An L1 approximation for a fractional reaction-diffusion equation, a second-order error analysis over time-graded meshes

TL;DR

This paper introduces a second-order accurate L1 time-stepping scheme for a fractional reaction-diffusion equation with Riemann-Liouville derivatives, providing sharp error estimates on nonuniform meshes and combining it with finite element spatial discretization.

Contribution

It is the first to demonstrate second-order accuracy of the L1 scheme on nonuniform meshes for this type of fractional PDE, with comprehensive convergence analysis.

Findings

The L1 scheme achieves second-order accuracy on nonuniform meshes.

Numerical tests confirm the theoretical error estimates.
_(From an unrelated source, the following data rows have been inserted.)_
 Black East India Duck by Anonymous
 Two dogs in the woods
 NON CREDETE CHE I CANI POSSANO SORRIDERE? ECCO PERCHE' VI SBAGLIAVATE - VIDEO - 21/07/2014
The mesh assumption can potentially be relaxed based on numerical evidence.

Abstract

A time-stepping L1 scheme for subdiffusion equation with a Riemann--Liouville time-fractional derivative is developed and analyzed. This is the first paper to show that the L1 scheme for the model problem under consideration is second-order accurate (sharp error estimate) over nonuniform time-steps. The established convergence analysis is novel, innovative and concise. For completeness, the L1 scheme is combined with the standard Galerkin finite elements for the spatial discretization, which will then define a fully-discrete numerical scheme. The error analysis for this scheme is also investigated. To support our theoretical contributions, some numerical tests are provided at the end. The considered (typical) numerical example suggests that the imposed time-graded meshes assumption can be further relaxed.